Hi! I'm new to having these birds as pets- I've been given one as a gift that is approx. 3-4 weeks old. It's in a spacious box lined with newspaper and hay, and has access to clean water and bread (buying seeds now). 
I know i should also prepare a cage for it, and i've got one im disinfecting. What I would like to know is if there are any special needs that chickens have, i.e special food, access to grass, grit, etc.

Thanx!


----------



## TAWhatley (Mar 6, 2001)

Definitely get proper chicken food (scratch grain, mash, crumbles) and don't feed the bread. Bread is OK once in a great while as a "treat", but as food it is junk and not good for the chicken. What kind of cage do you have?
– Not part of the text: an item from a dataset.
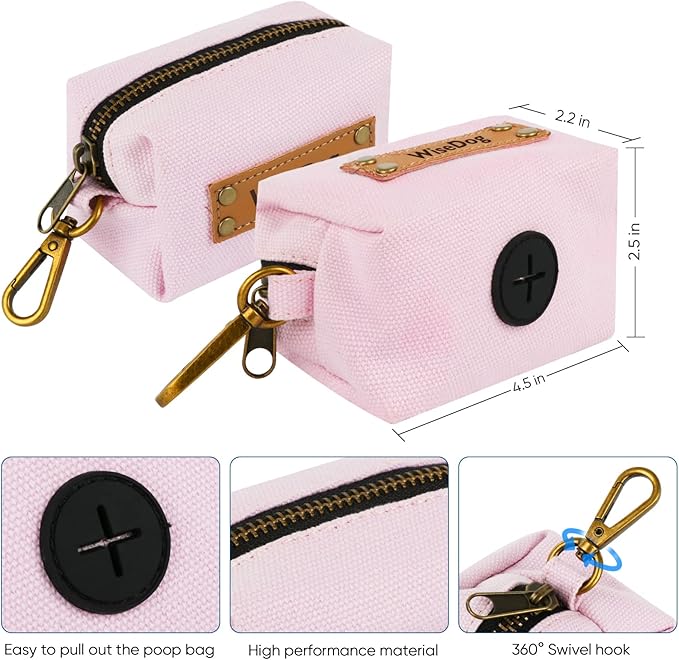 Wisedog Dog Collar and Leash Set Combo: Adjustable Durable Pet Collars with Dog Leashes for Small Medium Large Dogs,Includes One Bonus of Poop Bag Holder (S, Pale Pinkish Purple) WisedogPetSupplies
A chicken would not do well in a typical cage. 

We do have members with great chicken knowledge here so please get back to us.

Please do register here .. it will make things easier for you and for us ..

Terry


----------



## Charis (Feb 11, 2007)

http://www.backyardchickens.com/


----------



## Guest (Jun 13, 2009)

*update*

Thanks Charis for the website- i found it very useful. I have moved the chick into a big cage, about the length of a rabbit hutch but twice as wide. It is made completely of wire except for the bottom, which is metal. It is about one metre high.
I have parrot seed mix, which i have been giving it (it seems to like it) and i was only feeding it bread because i had to pick it up from somebody and I thought that you could feed chickens "anything". 
(wel, it turns out i was wrong, but then again- this is my first chicken)
Anyway, i am ChickenGal401, but my computer is not letting me log on, for some reason. I am thinking this is some kind of cookie, but does anybody else have this kind of problem? Perhaps i have a slow HTML connection...
This bird likes to eat a lot, and also has VERY large feet. It feels thin, and it makes a lot of noise. Is this normal (not the thin part)?

All advice Appreciated!


----------



## hugh (Apr 27, 2009)

Make sure the wire diameter is fairly small because ***** can reach in and pull the bird to the edge and eat it. If its chainlink minks, weasels, and small possiums can squeze through. I have all of my pens wrapped in 1/2 inch square wire mesh. Best of luck.


----------



## maryjane (Jul 15, 2006)

Glad to hear your chick is doing well. Yes, they do make a lot of noise, so that's normal. You definitely want to be feeding her "chick crumbles" right now, with some "scratch grain" mixed in. When she is older you can switch to "lay crumbles". These provide all the nutrients for them, especially when they're young. Parrot seed is good for a treat but not for them to eat regularly, which seems silly as it's so darn expensive lol. But get her on a good crumble mix and that will fatten her up some. I'm glad things are going well.


----------